● Exercise directions:
Each entry below is to be returned exactly, with any pictures left out.

● Captioned web images:
______________________________

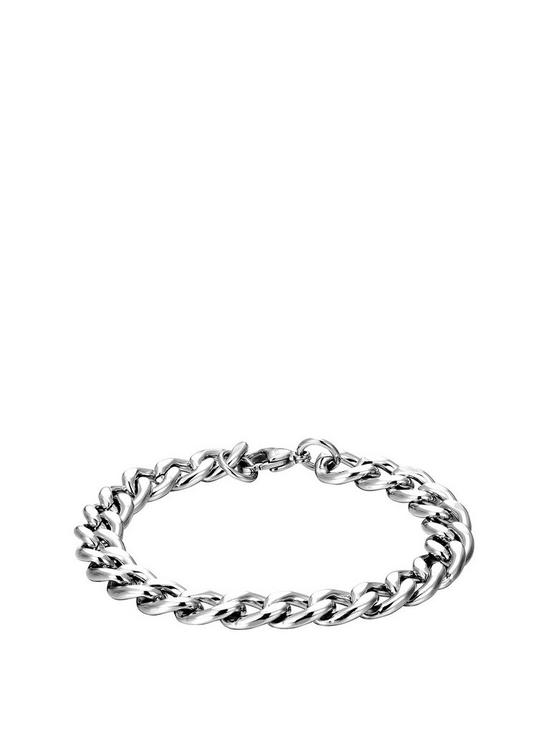 front image of mens-8-flat-curb-9mm-steel-chain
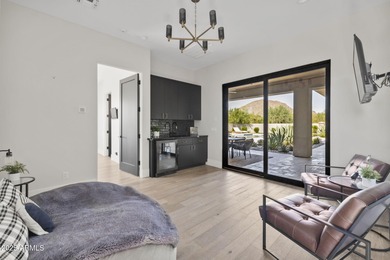 Built in 2021 on 1.73 acres, this contemporary retreat is on Desert Highlands Golf Club in Arizona - for sale on GolfHomes.com, golf home, golf lot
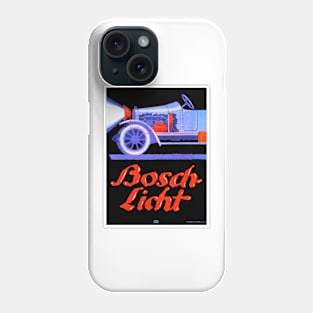 Bosch Automotive Head Lights Advertising Art Deco Retro Car Phone Case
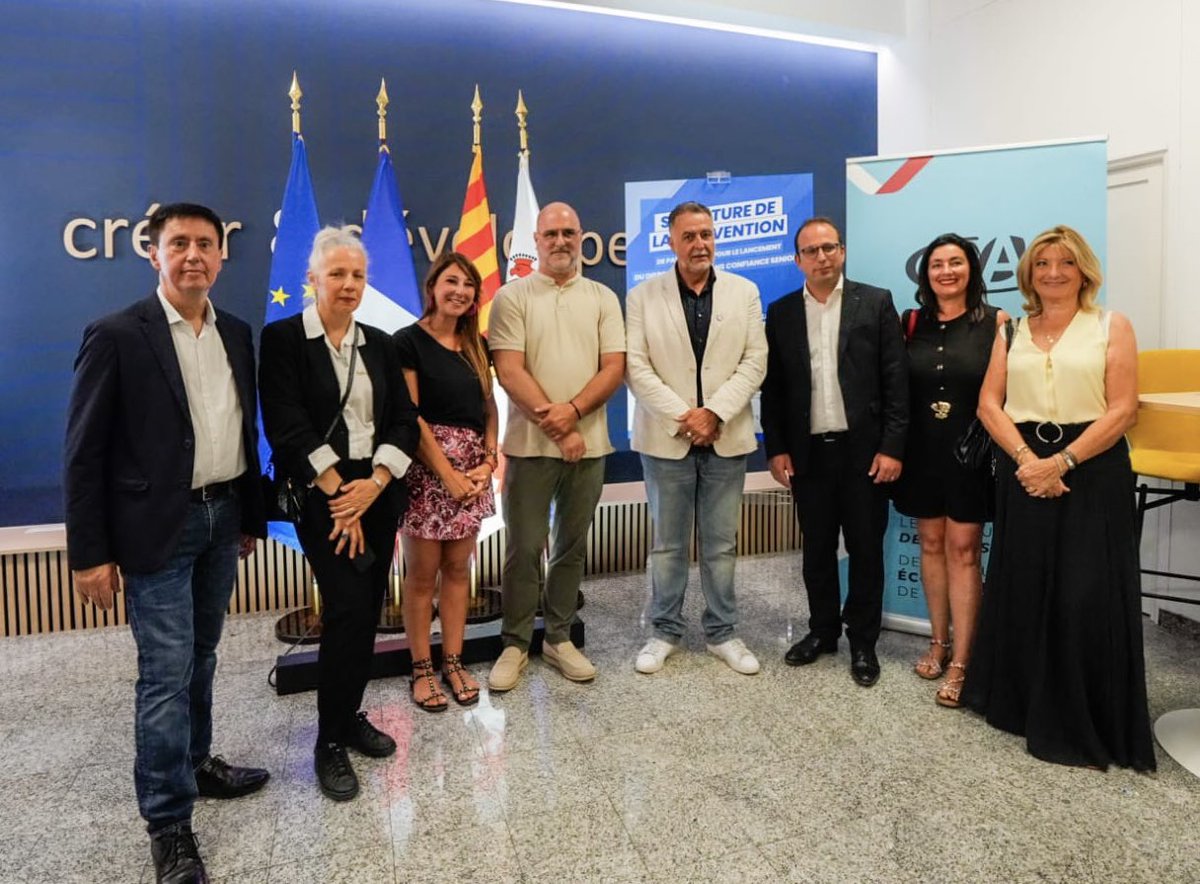 hervecael's tweet image. La Ville de Nice et la Chambre de Métiers et de l’Artisanat lancent officiellement le label « Artisans confiance seniors ». Ce dispositif, issu de la concertation « Ville amie des aînés » et soutenu par la labellisation Or de l’OMS, vise à encadrer les petites interventions à…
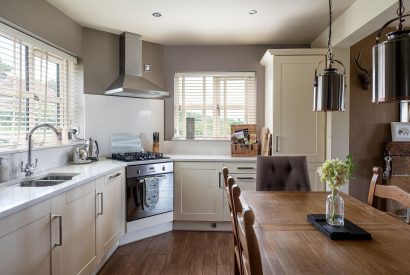 The kitchen at Esk View, Yorkshire
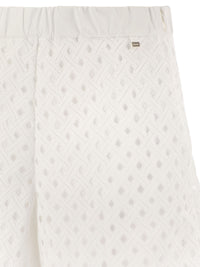 Herno Women Perforated Shorts With Geometric Shapes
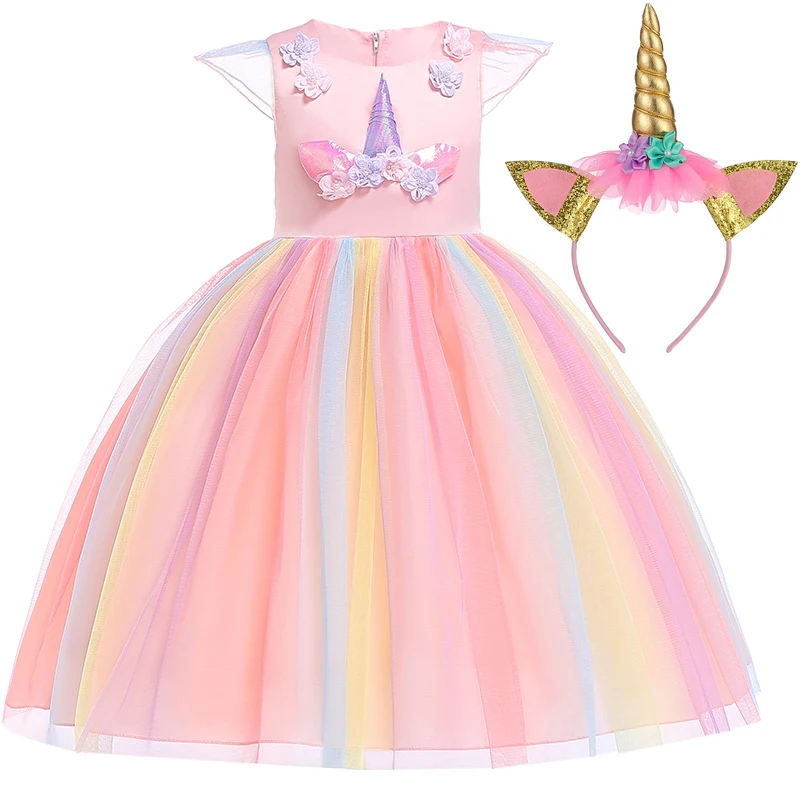 Buy New 2018 Unicorn Dress Party Carnival Costume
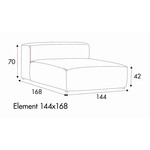 Edda Chaise Longue 144 x 168 cm Edda Chaise Longue 144 x 168 cm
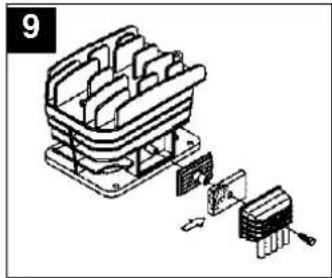 EINHELL EURO 403/100D - ●Reinigung der Ansaugfilters - 1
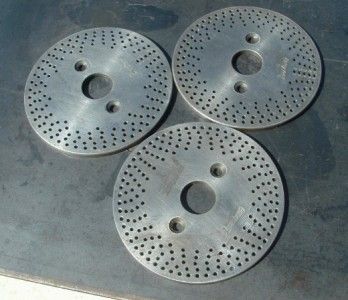 GENUINE BRIDGEPORT 12 ROTARY T SLOT TABLE & DIVIVDING PLATES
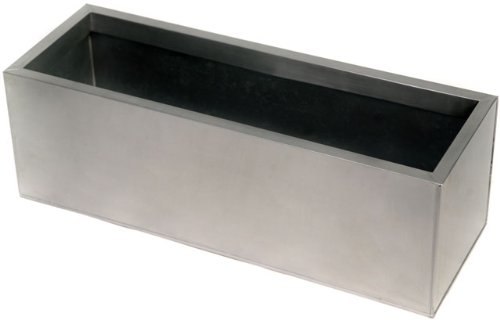 Preisvergleich Produktbild Primrose Pflanztopf aus Verzinktem Stahl - Rechteckig Silber - Klein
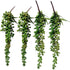Supla 4 pcs Artificial Hanging Succulents Faux Burro's Tail Picks Trailing String of Pearls Succulent Greenery Sprays 13.4" L for Basket Planter C...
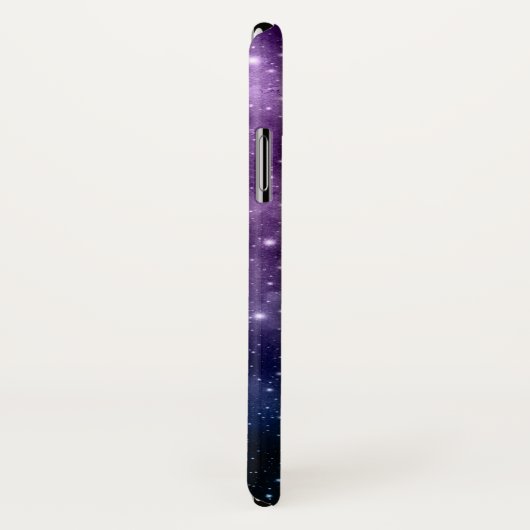 Lila Aquamarine Galaxienebel Traummondphasen #1 Case-Mate iPhone Hülle (Hinten/Rechts)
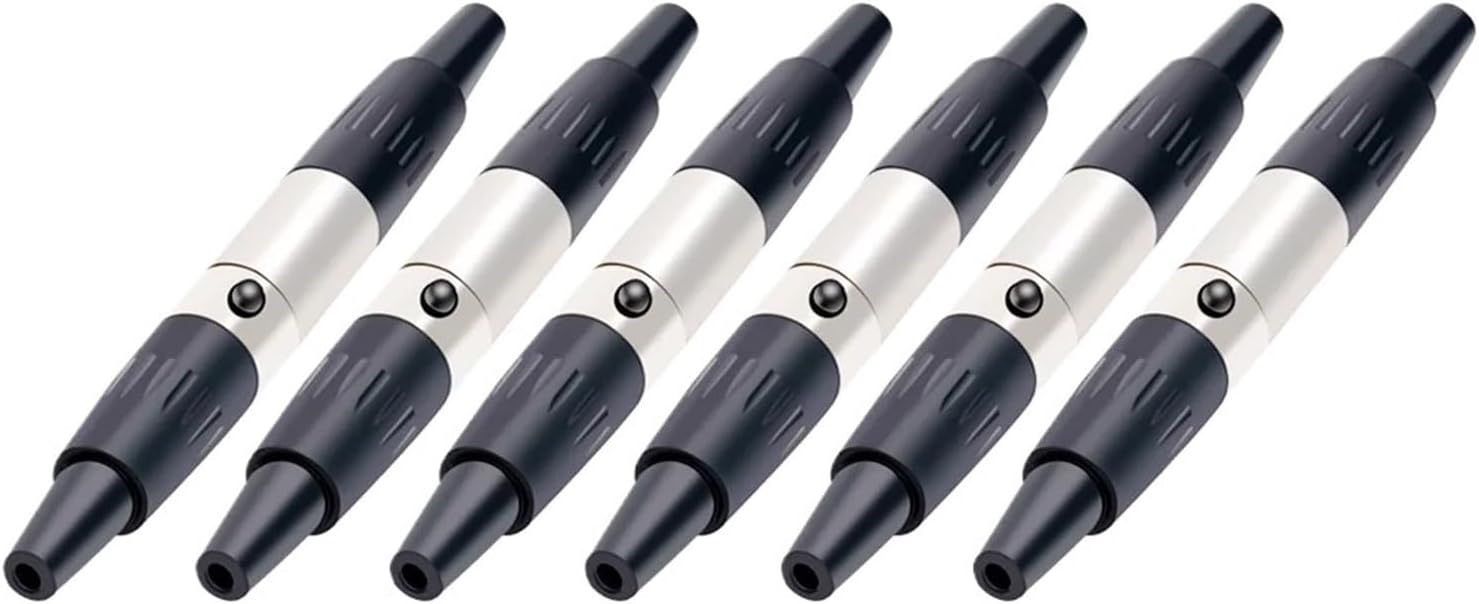 10pcs 3 4 5 6Pins Male Female Plug Audio Microphone Connector(5xF 5xM 6Pin)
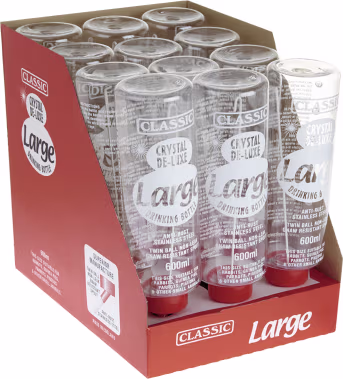Produktbild: KERBL Trinkflasche Classic Crystal de Luxe Large 600 ml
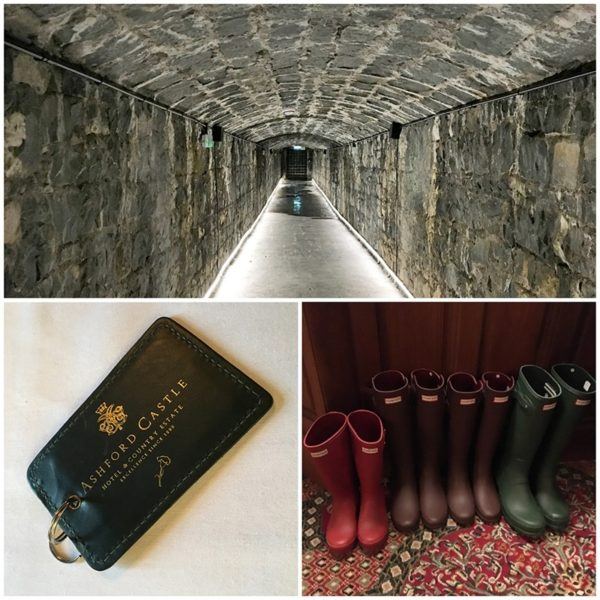 ashford castle luxury hotel ireland hunter boots wine cellar room keys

______________________________

● Answer box:
 front image of mens-8-flat-curb-9mm-steel-chain
 Built in 2021 on 1.73 acres, this contemporary retreat is on Desert Highlands Golf Club in Arizona - for sale on GolfHomes.com, golf home, golf lot
 Bosch Automotive Head Lights Advertising Art Deco Retro Car Phone Case
 hervecael's tweet image. La Ville de Nice et la Chambre de Métiers et de l’Artisanat lancent officiellement le label « Artisans confiance seniors ». Ce dispositif, issu de la concertation « Ville amie des aînés » et soutenu par la labellisation Or de l’OMS, vise à encadrer les petites interventions à…
 The kitchen at Esk View, Yorkshire
 Herno Women Perforated Shorts With Geometric Shapes
 Buy New 2018 Unicorn Dress Party Carnival Costume
 Edda Chaise Longue 144 x 168 cm Edda Chaise Longue 144 x 168 cm
 EINHELL EURO 403/100D - ●Reinigung der Ansaugfilters - 1
 GENUINE BRIDGEPORT 12 ROTARY T SLOT TABLE & DIVIVDING PLATES
 Preisvergleich Produktbild Primrose Pflanztopf aus Verzinktem Stahl - Rechteckig Silber - Klein
Supla 4 pcs Artificial Hanging Succulents Faux Burro's Tail Picks Trailing String of Pearls Succulent Greenery Sprays 13.4" L for Basket Planter C...
 Lila Aquamarine Galaxienebel Traummondphasen #1 Case-Mate iPhone Hülle (Hinten/Rechts)
 10pcs 3 4 5 6Pins Male Female Plug Audio Microphone Connector(5xF 5xM 6Pin)
Produktbild: KERBL Trinkflasche Classic Crystal de Luxe Large 600 ml
 ashford castle luxury hotel ireland hunter boots wine cellar room keys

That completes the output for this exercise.